After access was decided, all remaining issues were resolved in a Settlement Agreement entered into by the parties on March 12, 2010 (hereinafter "Settlement Agreement") including the provision defining "emancipation" and its impact on child support.

Article V Paragraph 5.1(c) of the Settlement Agreement provides that A. would be deemed emancipated upon:

The child's residence away from the residence of the Wife on a regular basis for more time than set forth in the Access Order, except for temporary residence in connection with summer employment as a summer activity, vacations or college, which are not to be deemed a residence away from the residence of the Wife. Notwithstanding the above, if the child resumes residing with the Wife for the time set forth in the Access Order, such emancipation shall be deemed terminated and nullified.



The parties concur that after following the access schedule for a year and a half, in March of 2011 A. began living primarily with Plaintiff. This continued until March of 2013. Defendant states that A. and her mother had an argument in the Spring of 2013 and as a result Plaintiff threatened to, or did, throw A. out of her house. Thereafter A. stayed exclusively with Defendant for the balance of the school year. During the summer, A. resumed living with both parents but spent more time with Defendant than with Plaintiff. In September, A. transferred to a boarding school in Connecticut for 10th grade. According to Defendant, she spent the school breaks primarily with him during the academic year. At the end of the school year, A. spent 7 nights at Plaintiff's house and 23 nights at Defendant's, at which point the motion was brought. Defendant contends that based upon these facts, Plaintiff should be directed to pay child support to him as well as a fair share of the add on expenses.

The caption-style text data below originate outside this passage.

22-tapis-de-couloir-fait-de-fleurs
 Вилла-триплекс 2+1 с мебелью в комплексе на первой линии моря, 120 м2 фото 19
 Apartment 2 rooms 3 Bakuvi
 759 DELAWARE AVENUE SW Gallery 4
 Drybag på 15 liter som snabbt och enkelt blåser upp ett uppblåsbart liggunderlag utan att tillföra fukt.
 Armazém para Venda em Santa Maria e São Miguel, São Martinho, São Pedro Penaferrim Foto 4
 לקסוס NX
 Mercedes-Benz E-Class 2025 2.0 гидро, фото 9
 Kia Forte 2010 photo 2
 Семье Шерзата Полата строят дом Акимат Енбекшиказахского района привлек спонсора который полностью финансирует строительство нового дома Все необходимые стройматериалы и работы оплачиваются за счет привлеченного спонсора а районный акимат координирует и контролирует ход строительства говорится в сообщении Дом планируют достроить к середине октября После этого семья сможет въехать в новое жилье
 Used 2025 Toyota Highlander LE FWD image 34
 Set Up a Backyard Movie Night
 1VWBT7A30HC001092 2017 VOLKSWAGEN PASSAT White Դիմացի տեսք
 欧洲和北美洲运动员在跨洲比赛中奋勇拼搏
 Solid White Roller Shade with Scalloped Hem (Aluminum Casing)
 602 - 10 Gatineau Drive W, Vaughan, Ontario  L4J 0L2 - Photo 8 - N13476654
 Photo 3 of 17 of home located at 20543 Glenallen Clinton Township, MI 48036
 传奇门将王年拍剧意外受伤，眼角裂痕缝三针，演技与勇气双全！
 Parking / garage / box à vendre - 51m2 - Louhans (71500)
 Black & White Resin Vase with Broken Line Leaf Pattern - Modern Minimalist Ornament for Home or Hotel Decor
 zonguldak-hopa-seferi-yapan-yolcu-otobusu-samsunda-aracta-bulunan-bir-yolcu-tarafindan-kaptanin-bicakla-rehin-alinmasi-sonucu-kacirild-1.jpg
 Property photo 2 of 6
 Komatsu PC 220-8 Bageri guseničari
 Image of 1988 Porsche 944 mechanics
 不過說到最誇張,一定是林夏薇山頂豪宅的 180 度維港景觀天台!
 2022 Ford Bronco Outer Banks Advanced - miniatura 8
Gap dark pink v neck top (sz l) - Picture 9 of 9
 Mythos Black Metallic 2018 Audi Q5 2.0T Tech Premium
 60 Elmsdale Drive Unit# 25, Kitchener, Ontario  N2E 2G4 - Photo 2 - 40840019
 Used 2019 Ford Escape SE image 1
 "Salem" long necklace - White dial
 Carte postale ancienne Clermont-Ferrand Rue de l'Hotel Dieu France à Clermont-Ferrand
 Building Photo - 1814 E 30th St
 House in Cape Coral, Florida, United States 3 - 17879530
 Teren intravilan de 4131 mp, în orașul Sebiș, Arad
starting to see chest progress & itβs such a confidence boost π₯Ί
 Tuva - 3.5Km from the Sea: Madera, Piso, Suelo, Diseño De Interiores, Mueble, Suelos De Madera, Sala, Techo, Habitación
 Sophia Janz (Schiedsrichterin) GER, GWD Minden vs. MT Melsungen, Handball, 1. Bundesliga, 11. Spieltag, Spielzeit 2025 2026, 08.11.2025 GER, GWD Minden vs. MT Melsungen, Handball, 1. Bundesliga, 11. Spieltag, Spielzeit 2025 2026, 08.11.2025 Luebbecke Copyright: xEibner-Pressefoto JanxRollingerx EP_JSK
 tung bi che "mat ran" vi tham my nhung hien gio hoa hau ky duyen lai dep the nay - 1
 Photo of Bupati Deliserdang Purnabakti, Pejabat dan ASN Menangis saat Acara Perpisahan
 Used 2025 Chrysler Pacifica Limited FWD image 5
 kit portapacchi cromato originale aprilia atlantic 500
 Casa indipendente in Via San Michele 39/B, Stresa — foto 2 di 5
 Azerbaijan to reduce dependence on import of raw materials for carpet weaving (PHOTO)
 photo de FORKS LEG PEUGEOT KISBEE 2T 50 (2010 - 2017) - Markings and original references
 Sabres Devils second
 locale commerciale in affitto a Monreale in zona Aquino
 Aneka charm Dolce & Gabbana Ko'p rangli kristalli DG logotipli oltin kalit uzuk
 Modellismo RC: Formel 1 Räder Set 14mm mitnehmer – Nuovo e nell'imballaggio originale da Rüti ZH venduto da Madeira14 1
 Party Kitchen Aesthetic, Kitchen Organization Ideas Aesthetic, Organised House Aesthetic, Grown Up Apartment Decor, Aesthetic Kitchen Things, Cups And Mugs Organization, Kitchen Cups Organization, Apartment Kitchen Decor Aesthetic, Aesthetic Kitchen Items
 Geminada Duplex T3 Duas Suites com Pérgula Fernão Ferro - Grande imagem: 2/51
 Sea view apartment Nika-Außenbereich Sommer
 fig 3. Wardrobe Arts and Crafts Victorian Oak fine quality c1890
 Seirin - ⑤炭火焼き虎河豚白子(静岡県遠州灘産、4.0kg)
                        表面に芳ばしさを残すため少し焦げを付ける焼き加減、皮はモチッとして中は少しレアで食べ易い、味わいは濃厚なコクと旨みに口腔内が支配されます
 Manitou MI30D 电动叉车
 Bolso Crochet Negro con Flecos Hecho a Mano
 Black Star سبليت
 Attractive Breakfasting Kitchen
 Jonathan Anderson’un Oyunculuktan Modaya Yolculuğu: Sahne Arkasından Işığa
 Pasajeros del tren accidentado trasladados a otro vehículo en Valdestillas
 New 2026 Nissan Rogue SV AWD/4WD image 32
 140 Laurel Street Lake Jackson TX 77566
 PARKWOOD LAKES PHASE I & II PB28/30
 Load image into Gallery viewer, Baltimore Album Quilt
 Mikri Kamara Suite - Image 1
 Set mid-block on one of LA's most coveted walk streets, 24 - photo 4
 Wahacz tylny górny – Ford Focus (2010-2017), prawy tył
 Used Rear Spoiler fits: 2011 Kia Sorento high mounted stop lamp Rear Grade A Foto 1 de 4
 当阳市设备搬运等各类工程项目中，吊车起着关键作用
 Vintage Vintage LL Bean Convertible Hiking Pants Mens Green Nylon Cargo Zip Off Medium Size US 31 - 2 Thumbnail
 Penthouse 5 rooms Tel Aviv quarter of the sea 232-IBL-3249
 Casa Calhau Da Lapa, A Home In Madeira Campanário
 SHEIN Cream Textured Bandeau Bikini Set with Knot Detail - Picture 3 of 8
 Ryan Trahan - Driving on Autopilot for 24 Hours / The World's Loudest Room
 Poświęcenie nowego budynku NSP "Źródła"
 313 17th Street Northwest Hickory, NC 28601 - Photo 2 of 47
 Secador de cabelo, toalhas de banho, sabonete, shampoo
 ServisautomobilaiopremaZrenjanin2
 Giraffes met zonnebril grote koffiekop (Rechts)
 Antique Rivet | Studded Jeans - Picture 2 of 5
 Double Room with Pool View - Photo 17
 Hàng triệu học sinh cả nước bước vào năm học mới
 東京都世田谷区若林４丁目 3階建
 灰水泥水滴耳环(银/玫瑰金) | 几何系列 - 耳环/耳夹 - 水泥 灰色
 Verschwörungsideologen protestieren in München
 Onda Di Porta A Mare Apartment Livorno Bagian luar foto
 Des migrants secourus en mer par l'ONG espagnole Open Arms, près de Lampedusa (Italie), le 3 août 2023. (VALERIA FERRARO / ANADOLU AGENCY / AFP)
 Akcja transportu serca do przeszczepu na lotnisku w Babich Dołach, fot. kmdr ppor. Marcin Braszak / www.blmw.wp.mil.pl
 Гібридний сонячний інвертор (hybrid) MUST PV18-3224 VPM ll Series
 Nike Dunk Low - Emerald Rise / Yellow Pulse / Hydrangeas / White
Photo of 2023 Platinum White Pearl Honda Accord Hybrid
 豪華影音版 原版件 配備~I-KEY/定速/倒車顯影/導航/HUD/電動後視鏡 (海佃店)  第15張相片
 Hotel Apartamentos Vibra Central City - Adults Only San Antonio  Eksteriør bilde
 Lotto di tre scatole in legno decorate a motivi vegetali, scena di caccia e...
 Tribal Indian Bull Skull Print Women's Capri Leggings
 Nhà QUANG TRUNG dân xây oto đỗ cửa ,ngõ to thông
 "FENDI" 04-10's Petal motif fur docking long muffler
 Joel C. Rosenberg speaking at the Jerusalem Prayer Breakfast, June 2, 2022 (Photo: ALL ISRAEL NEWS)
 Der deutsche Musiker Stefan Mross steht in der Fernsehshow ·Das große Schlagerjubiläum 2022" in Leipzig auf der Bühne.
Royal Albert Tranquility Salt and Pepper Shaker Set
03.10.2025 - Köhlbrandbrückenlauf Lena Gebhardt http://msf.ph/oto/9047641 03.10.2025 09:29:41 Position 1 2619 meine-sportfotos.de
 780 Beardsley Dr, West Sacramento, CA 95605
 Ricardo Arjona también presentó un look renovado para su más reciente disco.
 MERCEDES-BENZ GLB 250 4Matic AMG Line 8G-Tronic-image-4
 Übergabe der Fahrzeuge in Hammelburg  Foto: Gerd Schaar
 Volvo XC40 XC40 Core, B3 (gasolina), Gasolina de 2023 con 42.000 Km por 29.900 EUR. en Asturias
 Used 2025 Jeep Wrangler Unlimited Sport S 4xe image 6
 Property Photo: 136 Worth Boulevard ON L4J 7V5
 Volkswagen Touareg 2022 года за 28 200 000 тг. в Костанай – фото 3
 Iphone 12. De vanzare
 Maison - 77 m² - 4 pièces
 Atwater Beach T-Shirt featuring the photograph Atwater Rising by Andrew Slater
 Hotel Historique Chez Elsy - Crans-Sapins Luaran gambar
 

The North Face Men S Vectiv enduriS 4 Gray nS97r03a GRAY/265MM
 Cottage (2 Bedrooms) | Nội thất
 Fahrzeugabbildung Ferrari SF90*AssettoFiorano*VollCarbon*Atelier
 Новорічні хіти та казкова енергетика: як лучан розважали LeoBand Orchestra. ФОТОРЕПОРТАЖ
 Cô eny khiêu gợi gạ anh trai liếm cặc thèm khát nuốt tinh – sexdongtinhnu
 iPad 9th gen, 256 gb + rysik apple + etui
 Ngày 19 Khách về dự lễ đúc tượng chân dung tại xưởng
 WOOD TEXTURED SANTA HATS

Plaintiff opposes the motion and cross-moves to have Defendant pay 100% of A.'s add-on expenses and her own counsel fees. She confirms that after the divorce, A. lived with her from March of 2011 until March of 2013. According to Plaintiff, A. remained at Defendant's house in the Spring of 2013 because she enjoyed the freedom of unsupervised time at his often empty apartment. She states, based upon recent conversations with A., that Defendant has told A. that if she stops having overnight visits with Plaintiff, child support would end and he would have more money to spend on her.

Plaintiff vehemently denies Defendant's contention that her relationship with A. has broken down. According to Plaintiff, she and A. have a warm and close bond. Plaintiff states [*2]that upon her return from boarding school A. spent from June 7 through 13 at Plaintiff's house in Sag Harbor, but has not spent any overnights with her since Defendant filed this motion. Plaintiff states that A. has repeatedly asserted that it is her choice whether to spend overnights at Plaintiff's house and that emancipation would benefit her financially. They meet often for lunch or dinner and spend days shopping or going to the beach but when Plaintiff asks her to stay overnight, she is told that Defendant would have to pay child support if she did. According to Plaintiff, A. has detailed the role she will play in this litigation, referring to Defendant's counsel by name and suggesting that if Plaintiff gave up the right to child support and agreed to pay 25% of the add-on expenses she would resume overnights with her.

Defendant denies discussing the impact of emancipation with A. or telling her that she would benefit financially if he no longer had to pay child support. While Defendant states that he has actively tried to get A. to spend more time with her mother, he also states that he was thrilled when she took his suggestion that she put some distance between herself and Plaintiff and attributes her academic success at boarding school to that fact.

The burden of proving emancipation lies with the one asserting it. Jurgielewicz v. Johnston, 114 AD3d 945, 945-46 (2d Dept. 2014). Here, Defendant contends that A. lived with him for during the spring of 2013 but resumed staying with each of her parents during the summer. He states that after transferring to boarding school A. spent all school breaks with him during the Fall of 2013 and the Spring of 2014. The Access Order provides that A. spends Thanksgiving with him in odd years including 2013, and the mid-winter break in even years, including 2014.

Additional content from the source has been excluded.